The attorney representing Shelby County, Bert Rein, argued that the Voting Rights Act had achieved its primary objective of reducing race-based disparities in voting and voter registration. Rein said that Congress, by renewing the formula covering Alabama in 2006, was improperly denying the state and county its own "equal dignity" and sovereignty to make its own voting decisions. Rein argued -- and several justices seemed to concur in their questioning -- that other states now have worse racial voting problems than Alabama, and that the formula is thus unfair and should be struck down.

Rein did not dispute that the Voting Rights Act had helped change the South, but he argued that that change had occured -- which meant Congress erred in continuing to require preclearance from those states according to an old formula. The formula is an "inappropriate vehicle" to sort out the sovereignty of individual states, Rein said.

Roberts cited statistics noting that the state with the greatest racial disparity in voter registration is Massachusetts, a state not required to seek preclearance for voting changes. Justices Samuel Alito and Anthony Kennedy asked why the specific covered states should be singled out as opposed to covering the entire country.

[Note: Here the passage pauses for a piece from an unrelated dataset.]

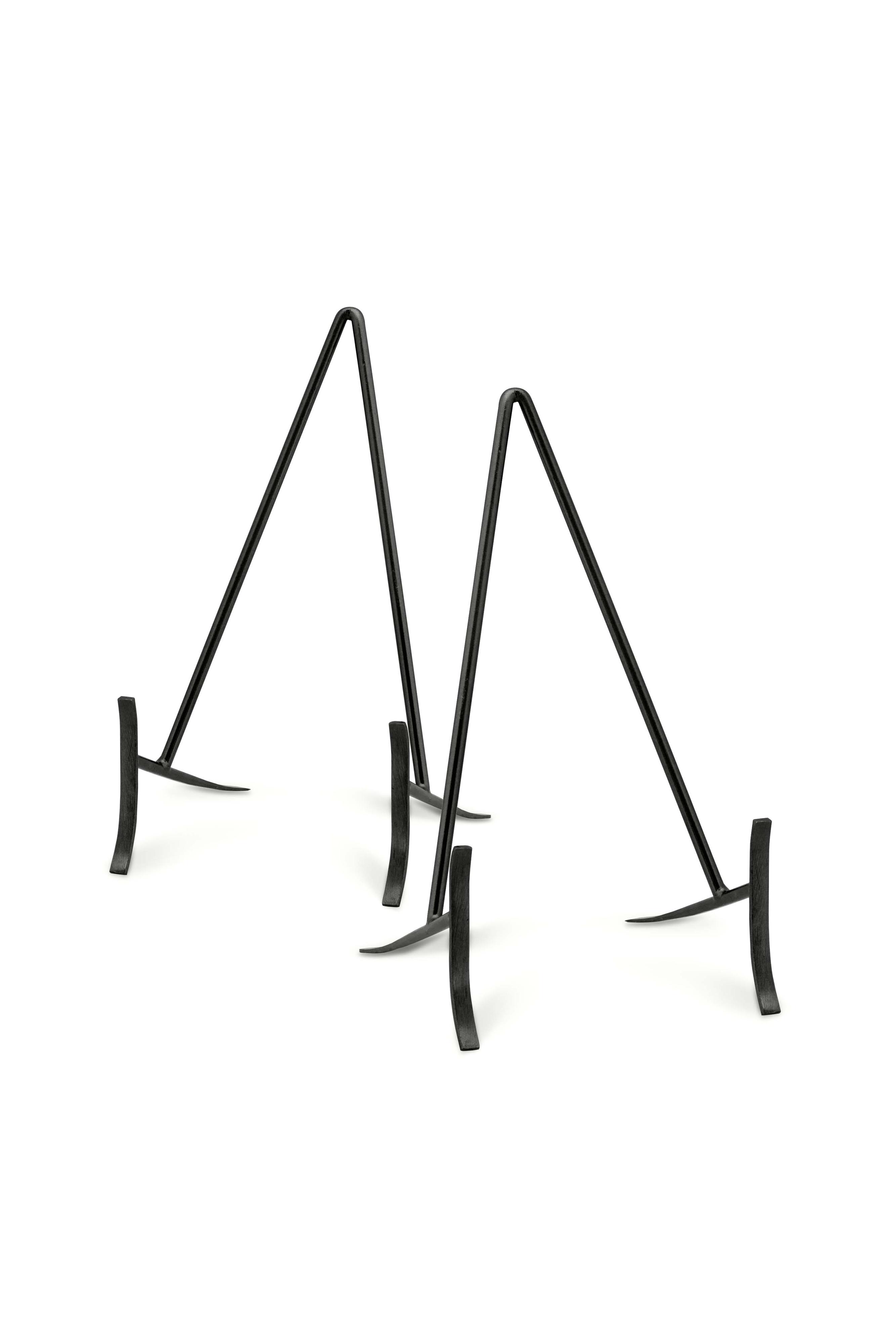 vtwonen Matt Black set 2 stojánků na talíře, černý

The liberal justices and the Justice Department, represented by Verrilli, presented evidence that preventing voting changes in the South was still necessary in some cases and argued that Section 5 was the way to do it. Justice Elena Kagan noted that the covered states have a higher rate of non-automatic VRA challenges (under Section 2 of the law) than other states, suggesting Section 5 needed to remain in place there. Justice Stephen Breyer repeatedly returned to a metaphor about disease, saying the problem of minority vote suppression hadn't yet been cured but had evolved to take on different forms other than impediments to registration. As evidence that policymakers felt that inequalities still existed, in addition to the measure's perceived effectiveness, Breyer pointed to the near-unanimous 2006 reauthorization of the law. "Congress was saying, don't change horses in the middle of the stream," he said.

If Section 5 is struck down or the coverage formula is changed, the federal government and private actors would still be able to challenge states' changes to voting laws under the VRA's Section 2 provision, which also protects against discriminatory voting practices, but only after they are enacted. Verrilli argued that the sheer number of potentially discriminatory changes to voting procedures -- as local as changing a polling place location very close to an election -- and the difficulty of stopping such a change in time makes Section 2 an inadequate replacement for Section 5.

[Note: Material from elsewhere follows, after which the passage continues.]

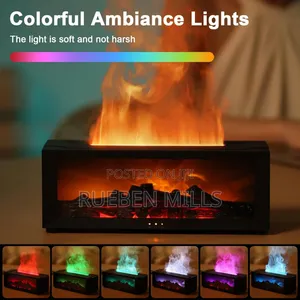 Ultra-Quiet A4 Flame Aroma Essential Oil Diffuser Air Freshener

The tenor and content of the justices' questions, especially those by Roberts and Kennedy, suggested to some after the hearing that the Voting Rights Act would be in for a major change when the decision comes down later this year. But divining Court decisions from Court arguments is notoriously tricky. Many observers expected the Court to strike down elements of the VRA in 2009, only for the justices to uphold it in an 8-1 decision that outlined some of the questions they put forth today; Justice Clarence Thomas, who did not ask any questions Wednesday, was the only dissenting vote in the 2009 case. And in the most high-profile Supreme Court case in recent memory, the 2012 challenge to President Obama's signature health care reform law, many also assumed after oral arguments that the law would likely fall, only to be proven wrong later that year.